### Records for processing

################

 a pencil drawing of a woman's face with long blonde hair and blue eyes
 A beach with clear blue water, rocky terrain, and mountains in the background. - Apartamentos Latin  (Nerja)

################

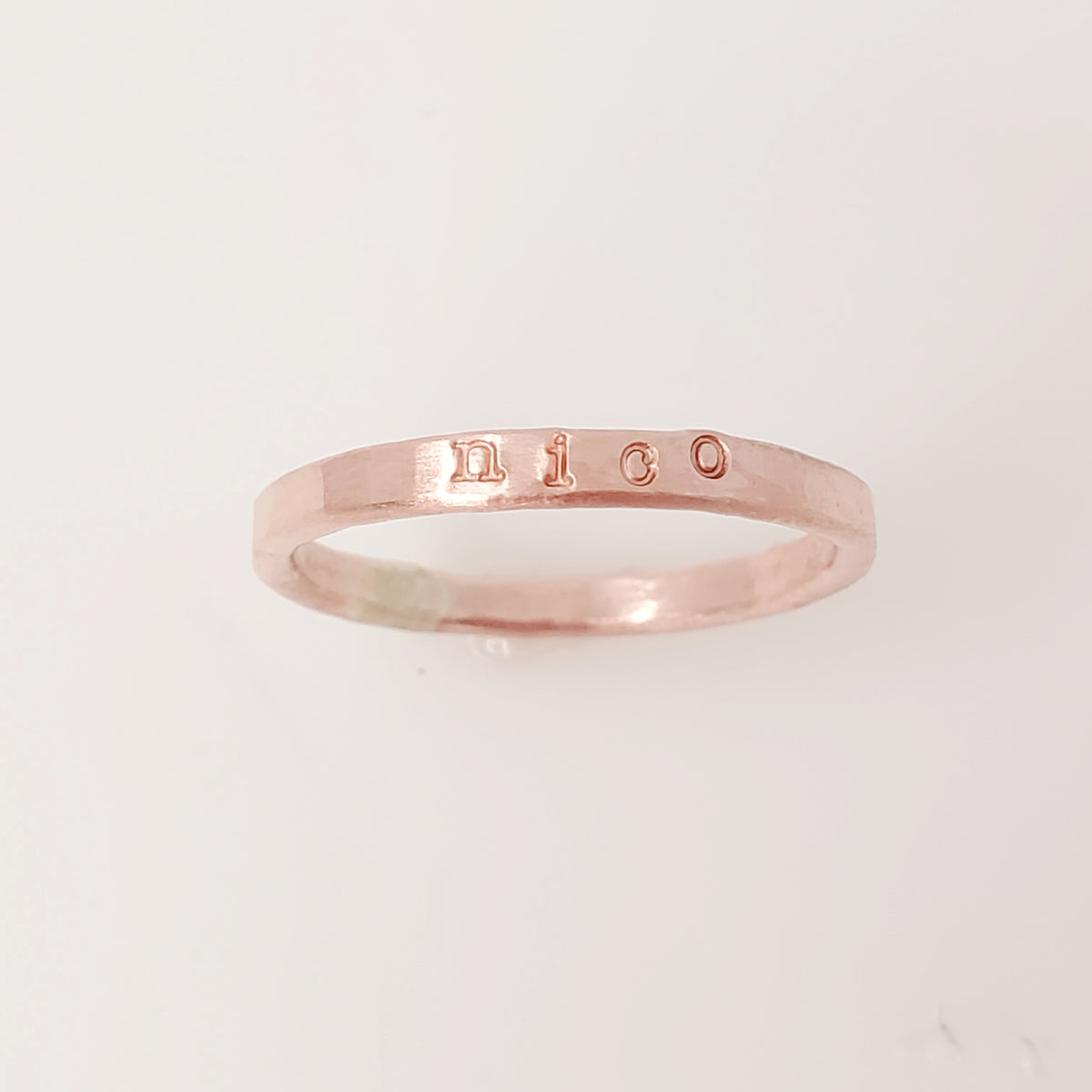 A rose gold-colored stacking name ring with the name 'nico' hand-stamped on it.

################

### About this task
Transcribe, exactly and without additions, the lines of the records above, beginning with the line that contains "a pencil drawing" and ending with the line that contains "A beach with", both included.

### Your solution
 a pencil drawing of a woman's face with long blonde hair and blue eyes
 A beach with clear blue water, rocky terrain, and mountains in the background. - Apartamentos Latin  (Nerja)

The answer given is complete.